- _Exercise aim_
Would you please return the lines of the entries below starting at the line that has "1823 Autumn high" and ending at the line that has "Feis28022018Wed01", both included, exactly as they are?

- _Given records_
- Opening Delimiter -

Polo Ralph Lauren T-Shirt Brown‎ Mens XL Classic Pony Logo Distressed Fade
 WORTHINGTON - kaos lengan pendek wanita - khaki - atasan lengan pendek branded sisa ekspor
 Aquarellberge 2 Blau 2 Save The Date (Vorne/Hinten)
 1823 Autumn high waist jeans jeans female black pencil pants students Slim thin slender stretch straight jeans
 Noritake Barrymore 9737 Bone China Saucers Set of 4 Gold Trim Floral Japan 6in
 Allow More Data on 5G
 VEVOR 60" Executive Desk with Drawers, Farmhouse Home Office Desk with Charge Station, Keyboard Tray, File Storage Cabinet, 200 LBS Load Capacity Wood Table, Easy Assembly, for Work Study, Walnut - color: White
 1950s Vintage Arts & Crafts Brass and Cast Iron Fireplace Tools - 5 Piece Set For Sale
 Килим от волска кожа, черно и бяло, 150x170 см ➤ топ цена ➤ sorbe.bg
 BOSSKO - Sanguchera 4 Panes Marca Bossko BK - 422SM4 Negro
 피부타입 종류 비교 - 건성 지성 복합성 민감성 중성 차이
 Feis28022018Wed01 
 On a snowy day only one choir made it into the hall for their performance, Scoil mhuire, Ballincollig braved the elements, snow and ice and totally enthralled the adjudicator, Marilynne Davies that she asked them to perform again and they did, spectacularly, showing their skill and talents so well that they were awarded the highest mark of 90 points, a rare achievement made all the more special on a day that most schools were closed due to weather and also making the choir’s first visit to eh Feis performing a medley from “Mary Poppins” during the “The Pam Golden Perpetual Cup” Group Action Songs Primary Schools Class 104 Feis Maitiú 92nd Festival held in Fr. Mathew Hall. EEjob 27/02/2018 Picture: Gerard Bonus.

- Closing Delimiter -

- _Answer section_
 1823 Autumn high waist jeans jeans female black pencil pants students Slim thin slender stretch straight jeans
 Noritake Barrymore 9737 Bone China Saucers Set of 4 Gold Trim Floral Japan 6in
 Allow More Data on 5G
 VEVOR 60" Executive Desk with Drawers, Farmhouse Home Office Desk with Charge Station, Keyboard Tray, File Storage Cabinet, 200 LBS Load Capacity Wood Table, Easy Assembly, for Work Study, Walnut - color: White
 1950s Vintage Arts & Crafts Brass and Cast Iron Fireplace Tools - 5 Piece Set For Sale
 Килим от волска кожа, черно и бяло, 150x170 см ➤ топ цена ➤ sorbe.bg
 BOSSKO - Sanguchera 4 Panes Marca Bossko BK - 422SM4 Negro
 피부타입 종류 비교 - 건성 지성 복합성 민감성 중성 차이
 Feis28022018Wed01 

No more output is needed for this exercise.